[JAX] Refine MHA API and add DPA API #653

zlsh80826 · 2024-02-05T07:15:31Z

This PR does the following changes:

Refine the MHA API to align with TransformerLayer API
a. Replace num_heads with num_attention_heads.
b. Replace droout_rate with attention_dropout.
c. Replace output_layernorm with input_layernorm. where this params is used to apply the layernorm on the inputs.
d. Replace apply_residual_connection_post_layernorm with return_layernorm_output.
e. Replace fuse_qkv with fused_qkv_params.
f. The old params are marked as deprecated, and will be removed in the future.

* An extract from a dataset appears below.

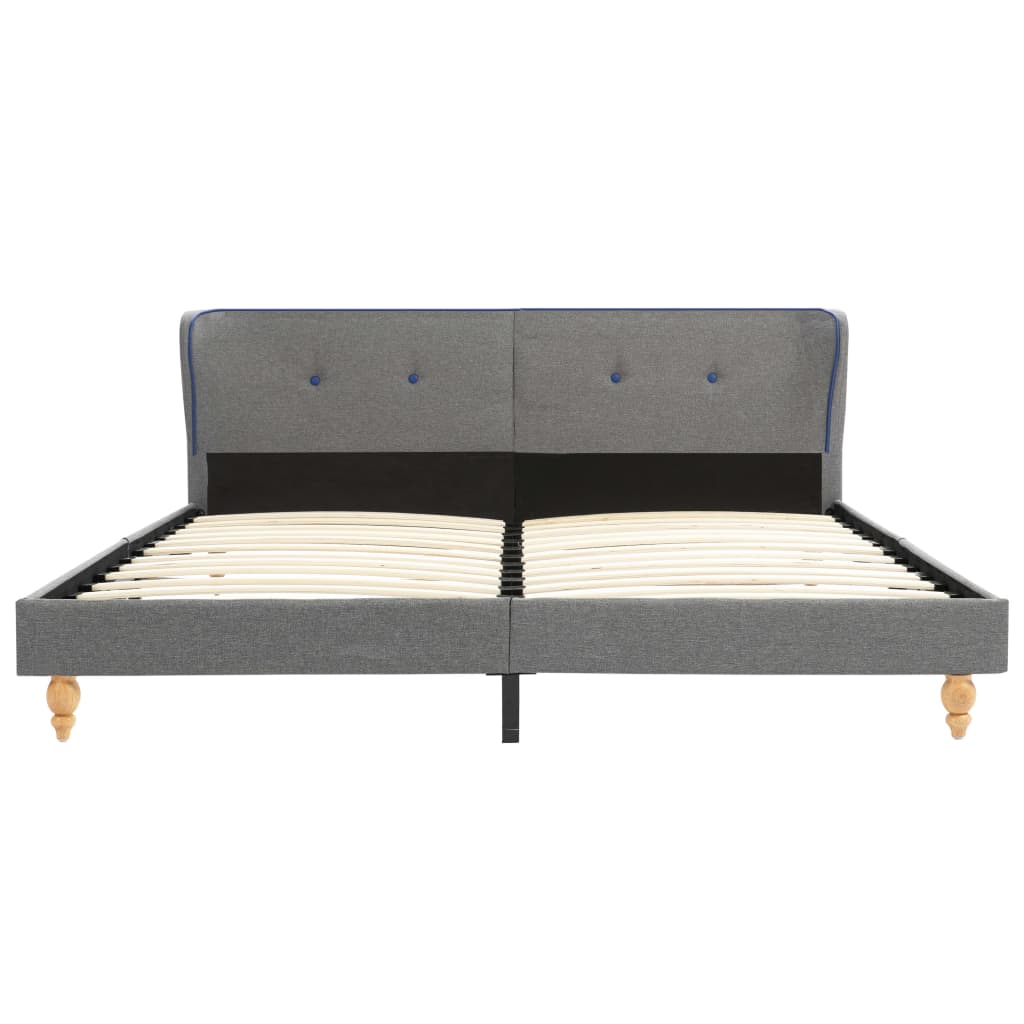 Bed Frame Light Grey Fabric 153x203 cm Queen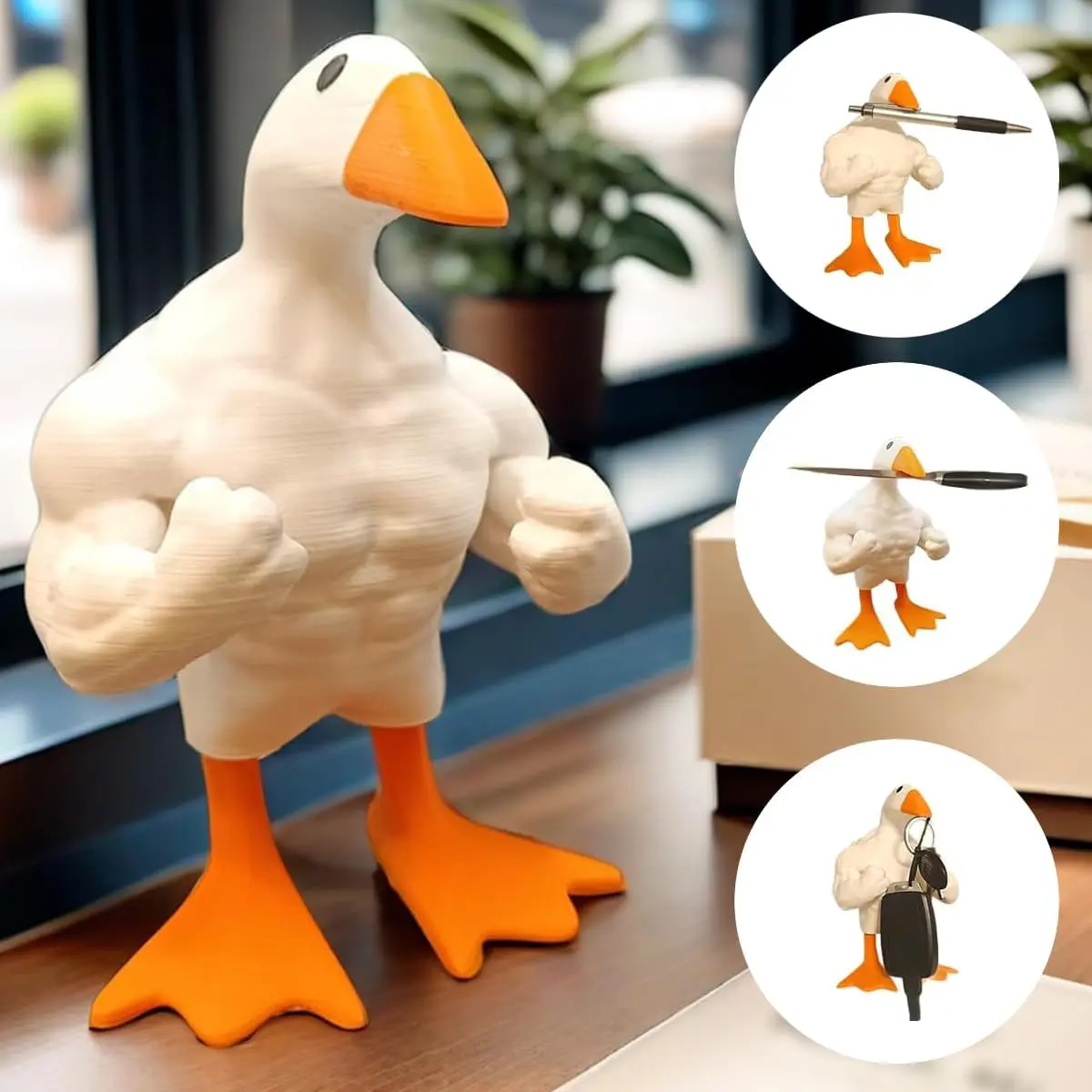 Cute Muscle Duck Statue Home Decor, Novelty Living Room Decorations, Entryway Table Home Decor, Gifts for Gym People,Doubles as Key Holder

Add DotProductAttention module API
Since JAX doesn't have the view/stride concept, all tensors are always in continuous memory format. To have a unify API for all qkvpacked, kvpacked, qkv separate with 1 input tensor, 2 input tensors and 3 input tensors respectively. This module accepts qkv_layout to parse query, key, value tensors for the different inputs combinations.

 * bs3hd: query tensor is treated as a qkvpacked tensor with shape = [b, s, 3, h, d].
   key and value arguments in :attr:`__call__()` are ignored in this layout.
 * bshd_bs2hd: query tensor with shape = [b, s, h, d]. key tensor is treaded as a kvpacked
   tensor with shape = [b, s, 2, h, d]. `value` argument in :attr:`__call__()` is ignored.
 * bshd_bshd_bshd: query, key, and value are seperated with shape = [b, s, h, d].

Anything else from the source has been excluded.